The listing below holds a line with "Reeded Wood 4-Drawer" and a later line with "Pawsome - Chat". Write out those two lines and every line between them, exactly, and nothing else.
===== Material to process
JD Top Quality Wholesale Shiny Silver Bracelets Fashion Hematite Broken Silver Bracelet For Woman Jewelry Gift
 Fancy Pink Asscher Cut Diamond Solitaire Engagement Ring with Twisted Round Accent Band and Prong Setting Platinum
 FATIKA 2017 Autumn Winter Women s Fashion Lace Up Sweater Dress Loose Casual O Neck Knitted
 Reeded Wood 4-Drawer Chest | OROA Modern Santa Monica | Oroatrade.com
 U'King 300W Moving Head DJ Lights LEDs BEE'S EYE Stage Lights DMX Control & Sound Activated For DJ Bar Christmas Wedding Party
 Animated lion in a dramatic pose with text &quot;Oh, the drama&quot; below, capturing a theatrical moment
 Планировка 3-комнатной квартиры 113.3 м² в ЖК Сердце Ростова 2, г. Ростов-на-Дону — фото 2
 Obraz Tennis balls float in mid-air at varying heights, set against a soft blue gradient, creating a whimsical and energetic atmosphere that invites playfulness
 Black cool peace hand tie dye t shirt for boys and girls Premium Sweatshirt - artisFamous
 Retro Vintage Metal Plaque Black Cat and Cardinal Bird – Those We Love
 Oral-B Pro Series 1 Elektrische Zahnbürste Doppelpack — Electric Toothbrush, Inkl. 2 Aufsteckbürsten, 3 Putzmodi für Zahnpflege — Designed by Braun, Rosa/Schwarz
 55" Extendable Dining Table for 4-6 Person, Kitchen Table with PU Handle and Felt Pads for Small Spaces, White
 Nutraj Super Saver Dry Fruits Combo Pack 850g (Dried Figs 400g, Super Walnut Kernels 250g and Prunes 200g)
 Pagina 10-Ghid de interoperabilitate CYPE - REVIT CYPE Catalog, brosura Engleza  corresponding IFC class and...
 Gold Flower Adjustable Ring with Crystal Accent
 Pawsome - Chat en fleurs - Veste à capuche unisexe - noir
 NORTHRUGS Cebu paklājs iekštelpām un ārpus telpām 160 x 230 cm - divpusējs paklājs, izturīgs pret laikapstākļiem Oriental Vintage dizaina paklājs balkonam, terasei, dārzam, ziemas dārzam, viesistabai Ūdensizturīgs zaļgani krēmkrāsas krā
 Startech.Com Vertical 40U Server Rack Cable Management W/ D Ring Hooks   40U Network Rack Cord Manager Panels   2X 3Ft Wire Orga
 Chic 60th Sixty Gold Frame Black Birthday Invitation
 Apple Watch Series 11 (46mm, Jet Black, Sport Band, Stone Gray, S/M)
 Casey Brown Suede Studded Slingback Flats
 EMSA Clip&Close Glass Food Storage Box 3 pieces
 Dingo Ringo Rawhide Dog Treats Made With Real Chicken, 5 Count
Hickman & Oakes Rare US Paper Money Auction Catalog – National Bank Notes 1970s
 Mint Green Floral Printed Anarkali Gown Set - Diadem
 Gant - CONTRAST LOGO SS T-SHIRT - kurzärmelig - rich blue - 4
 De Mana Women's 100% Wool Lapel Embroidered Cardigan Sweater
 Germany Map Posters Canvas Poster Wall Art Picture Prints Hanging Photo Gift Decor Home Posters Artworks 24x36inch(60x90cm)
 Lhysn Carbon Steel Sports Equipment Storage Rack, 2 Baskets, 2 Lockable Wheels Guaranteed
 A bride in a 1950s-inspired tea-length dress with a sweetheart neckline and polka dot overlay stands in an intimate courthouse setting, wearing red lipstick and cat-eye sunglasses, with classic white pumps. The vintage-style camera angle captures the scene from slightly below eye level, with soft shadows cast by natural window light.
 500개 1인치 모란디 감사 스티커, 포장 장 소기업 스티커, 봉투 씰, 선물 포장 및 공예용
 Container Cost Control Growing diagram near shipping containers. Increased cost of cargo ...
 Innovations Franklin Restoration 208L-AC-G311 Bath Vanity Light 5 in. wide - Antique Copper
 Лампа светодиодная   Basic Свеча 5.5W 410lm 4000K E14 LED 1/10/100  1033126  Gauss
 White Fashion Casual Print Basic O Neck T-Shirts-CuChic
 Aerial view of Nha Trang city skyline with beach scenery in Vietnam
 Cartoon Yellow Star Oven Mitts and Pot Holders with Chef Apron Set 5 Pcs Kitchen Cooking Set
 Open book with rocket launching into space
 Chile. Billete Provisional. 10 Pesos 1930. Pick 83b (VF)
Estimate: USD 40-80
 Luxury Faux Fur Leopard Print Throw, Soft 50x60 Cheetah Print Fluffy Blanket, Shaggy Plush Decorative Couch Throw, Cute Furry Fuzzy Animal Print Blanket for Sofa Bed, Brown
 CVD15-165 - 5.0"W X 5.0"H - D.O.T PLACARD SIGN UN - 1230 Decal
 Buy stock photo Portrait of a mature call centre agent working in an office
==========
_Task response_:
 Reeded Wood 4-Drawer Chest | OROA Modern Santa Monica | Oroatrade.com
 U'King 300W Moving Head DJ Lights LEDs BEE'S EYE Stage Lights DMX Control & Sound Activated For DJ Bar Christmas Wedding Party
 Animated lion in a dramatic pose with text &quot;Oh, the drama&quot; below, capturing a theatrical moment
 Планировка 3-комнатной квартиры 113.3 м² в ЖК Сердце Ростова 2, г. Ростов-на-Дону — фото 2
 Obraz Tennis balls float in mid-air at varying heights, set against a soft blue gradient, creating a whimsical and energetic atmosphere that invites playfulness
 Black cool peace hand tie dye t shirt for boys and girls Premium Sweatshirt - artisFamous
 Retro Vintage Metal Plaque Black Cat and Cardinal Bird – Those We Love
 Oral-B Pro Series 1 Elektrische Zahnbürste Doppelpack — Electric Toothbrush, Inkl. 2 Aufsteckbürsten, 3 Putzmodi für Zahnpflege — Designed by Braun, Rosa/Schwarz
 55" Extendable Dining Table for 4-6 Person, Kitchen Table with PU Handle and Felt Pads for Small Spaces, White
 Nutraj Super Saver Dry Fruits Combo Pack 850g (Dried Figs 400g, Super Walnut Kernels 250g and Prunes 200g)
 Pagina 10-Ghid de interoperabilitate CYPE - REVIT CYPE Catalog, brosura Engleza  corresponding IFC class and...
 Gold Flower Adjustable Ring with Crystal Accent
 Pawsome - Chat en fleurs - Veste à capuche unisexe - noir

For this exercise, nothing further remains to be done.